- Born: August 15, 1959 (age 66) United States
- Occupations: Film director; screenwriter;
- Spouse: Mary Stuart Masterson ​ ​(m. 2000; div. 2004)​

= Damon Santostefano =

American director, screenwriter (b. 1959)

Damon Santostefano (born August 15, 1959) is an American film and television director and screenwriter. He is best known for directing the 1999 Warner Brothers feature film Three to Tango starring Matthew Perry, Neve Campbell and Dylan McDermott; Bring It On Again; and the television series Clueless.

==Biography==
Santostefano was performing stand-up comedy in his hometown of Boston during his teens. While attending New York University Film School he began working professionally as a director, creating short films and documentaries. After college, he established a production company where he developed and directed film and television projects for HBO, Showtime, PBS and Paramount Television. He also directed several Off-Broadway stage productions including plays at The American Place Theatre. For the BAM Festival, he directed Stockhausen's contemporary opera Leben.

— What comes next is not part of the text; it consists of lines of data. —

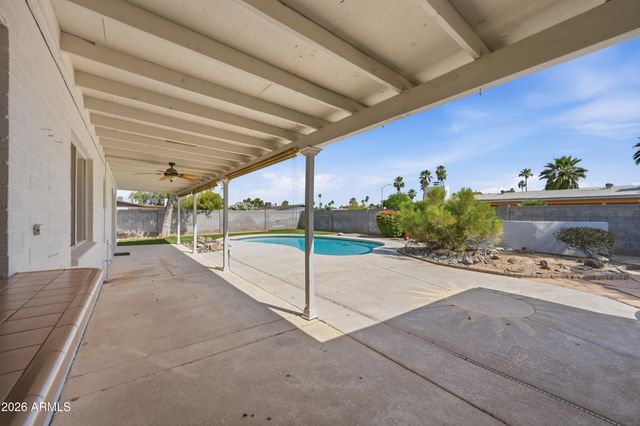 4949 E Shaw Butte Drive, Scottsdale, AZ 85254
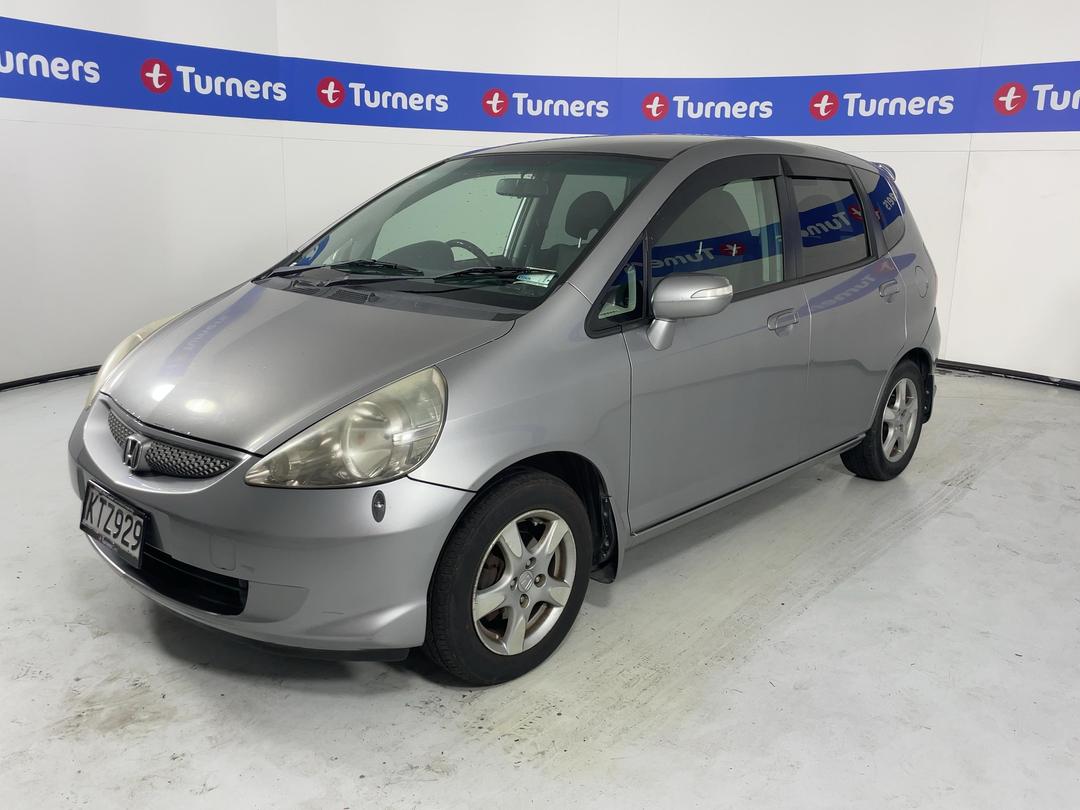 Photo '4' of Honda FIT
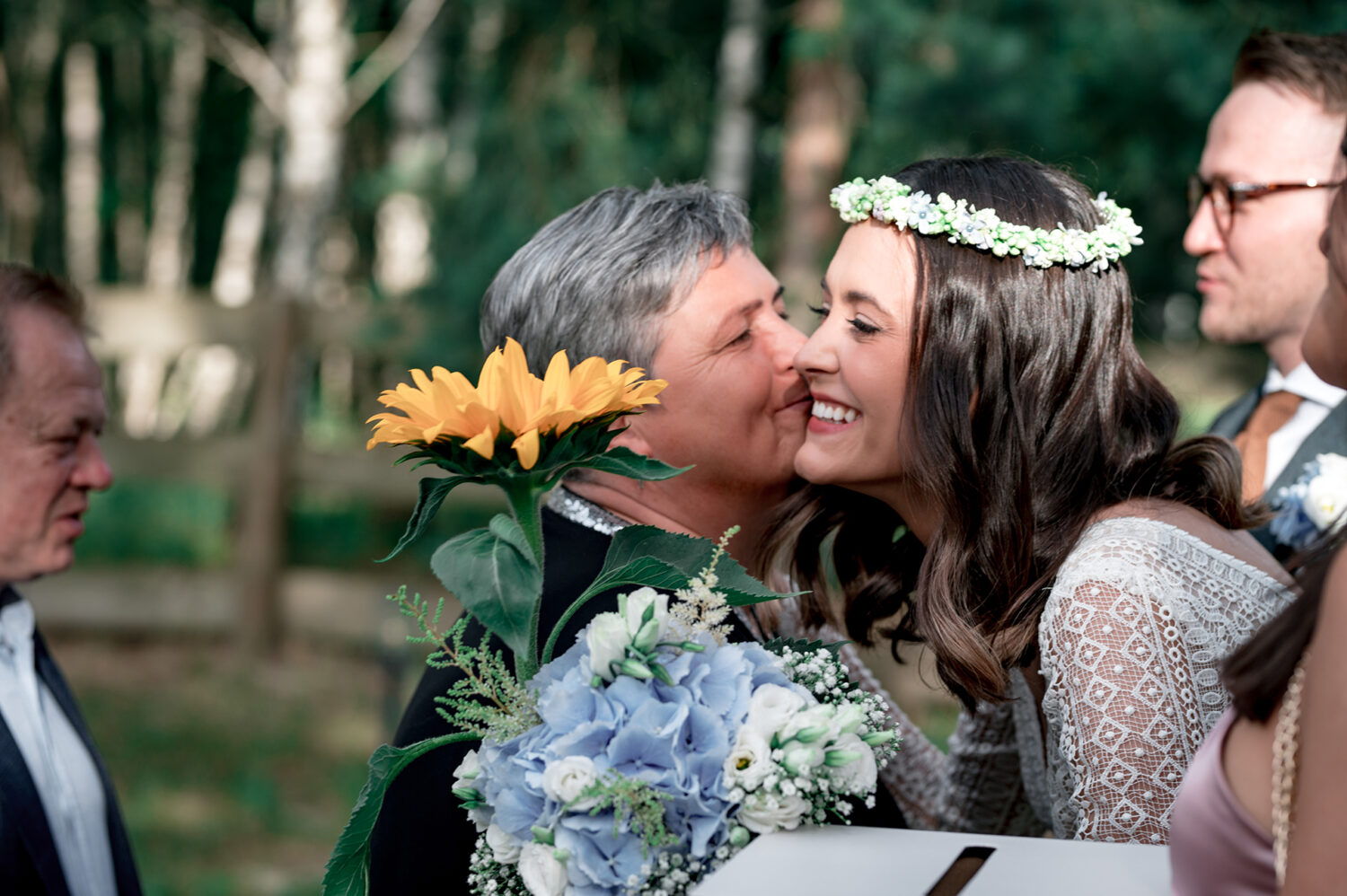 Ślub cywilny w plenerze boho para młoda życzenia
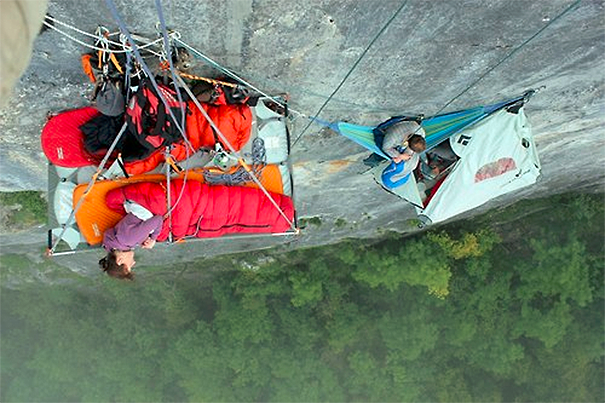 20 Crazy Places People Hang Out In Hammocks 20 Crazy Places People Hang Out In Hammocks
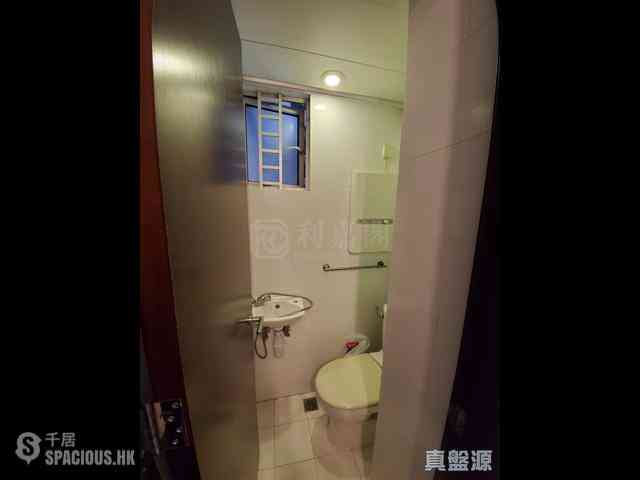 West Kowloon - The Harbourside Block 2 12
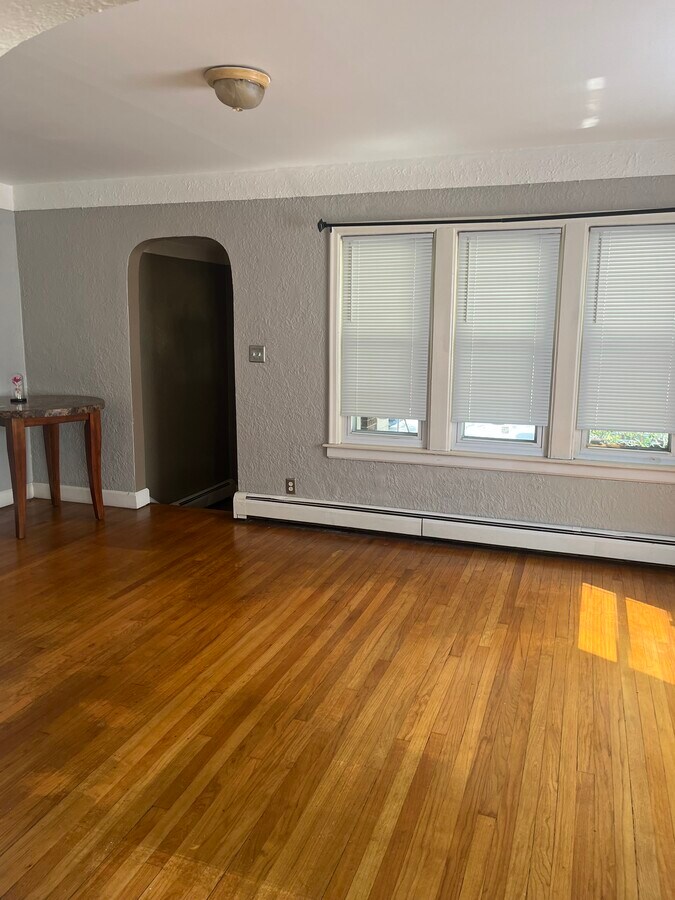 come in! - 443 Elm St Unit 443 Elm St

Santostefano began a screenwriting career upon selling his first screenplay to Columbia Pictures and has since written and co-written screenplays for several studios.

==Filmography==
===Director===

====Film====
- Greenpoint: Turning the Tide (1981) (documentary short)
- Fright Show (1985)
- Scream Greats, Vol. 1 – "Tom Savini, Master of Horror Effects" (1986)
- Scream Greats, Vol. 2 – "Satanism and Witchcraft" (1986)
- Severed Ties (1992)
- Three to Tango (1999)
- Another Cinderella Story (2008)
- Last Man Running (2003)
- Bring It On Again (2004)
- Best Player (2011)
- A Cinderella Story: Once Upon a Song (2011)
- Pure Country: Pure Heart (2017)

====Television====
- The Adventures of Pete & Pete – episode "Yellow Fever" (1994)
- Bob and Sully (1995)
- Skwids (1996)
- Clueless (1996)
- The High Life (1996)
- Honey, I Shrunk the Kids: The TV Show (1997)
- The War Next Door (2000)
- The District – episode "Rage Against the Machine" (2001)

===Writer===
- Last Man Running (2003)

==Awards==
- CableACE Award – Best Series (The Adventures of Pete and Pete)

==Personal life==
Santostefano was engaged to actress Mary Stuart Masterson in 1999. They married in 2000 and divorced in 2004.